Task goal: Excerpt from the entries below: please repeat exactly the lines from the one containing "I wanted to" through the last one, both ends included, with no pictures.

Given records:
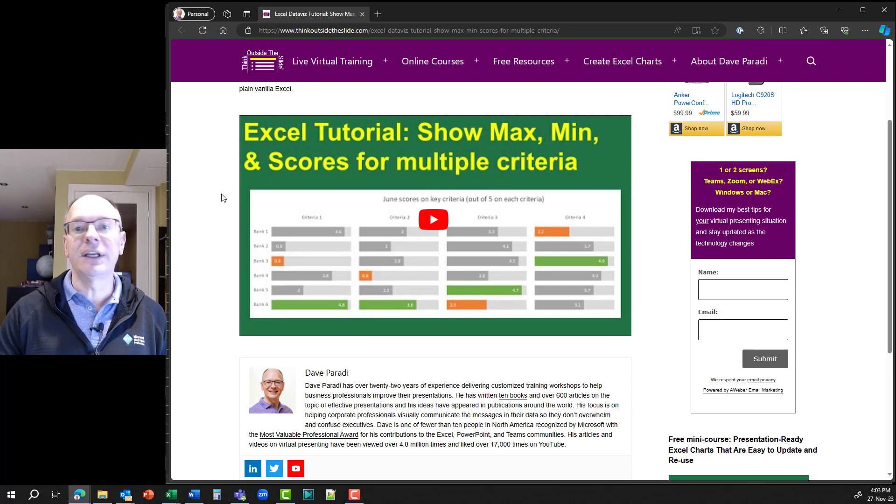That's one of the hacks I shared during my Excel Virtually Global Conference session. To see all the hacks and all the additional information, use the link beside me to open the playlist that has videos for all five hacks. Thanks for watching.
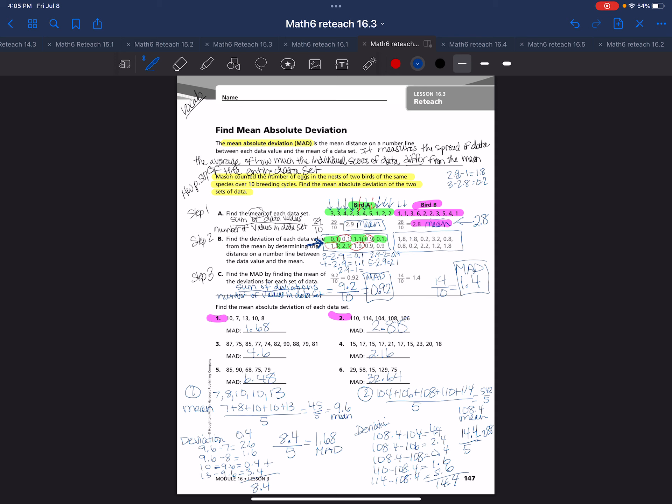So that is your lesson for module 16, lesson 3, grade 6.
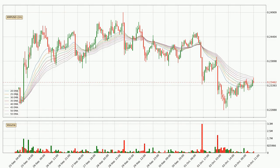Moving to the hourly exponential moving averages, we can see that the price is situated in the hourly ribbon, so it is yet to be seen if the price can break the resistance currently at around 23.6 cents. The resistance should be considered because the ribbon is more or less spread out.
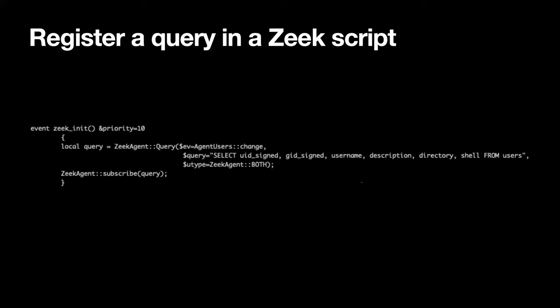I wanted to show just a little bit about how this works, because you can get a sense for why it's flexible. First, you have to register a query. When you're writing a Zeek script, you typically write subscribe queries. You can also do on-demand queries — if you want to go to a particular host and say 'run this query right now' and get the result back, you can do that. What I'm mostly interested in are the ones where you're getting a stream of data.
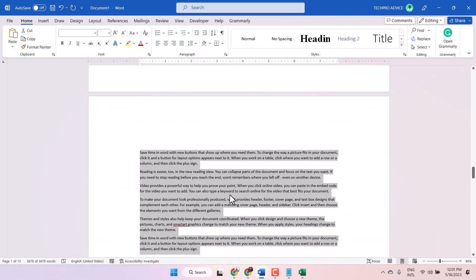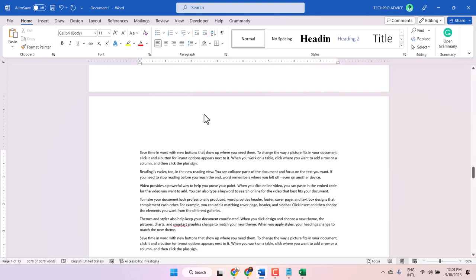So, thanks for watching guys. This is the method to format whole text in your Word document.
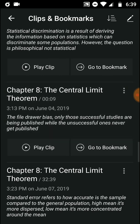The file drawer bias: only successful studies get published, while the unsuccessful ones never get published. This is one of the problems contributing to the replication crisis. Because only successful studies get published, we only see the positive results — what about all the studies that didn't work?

Exercise solution:
I wanted to show just a little bit about how this works, because you can get a sense for why it's flexible. First, you have to register a query. When you're writing a Zeek script, you typically write subscribe queries. You can also do on-demand queries — if you want to go to a particular host and say 'run this query right now' and get the result back, you can do that. What I'm mostly interested in are the ones where you're getting a stream of data.
So, thanks for watching guys. This is the method to format whole text in your Word document.
The file drawer bias: only successful studies get published, while the unsuccessful ones never get published. This is one of the problems contributing to the replication crisis. Because only successful studies get published, we only see the positive results — what about all the studies that didn't work?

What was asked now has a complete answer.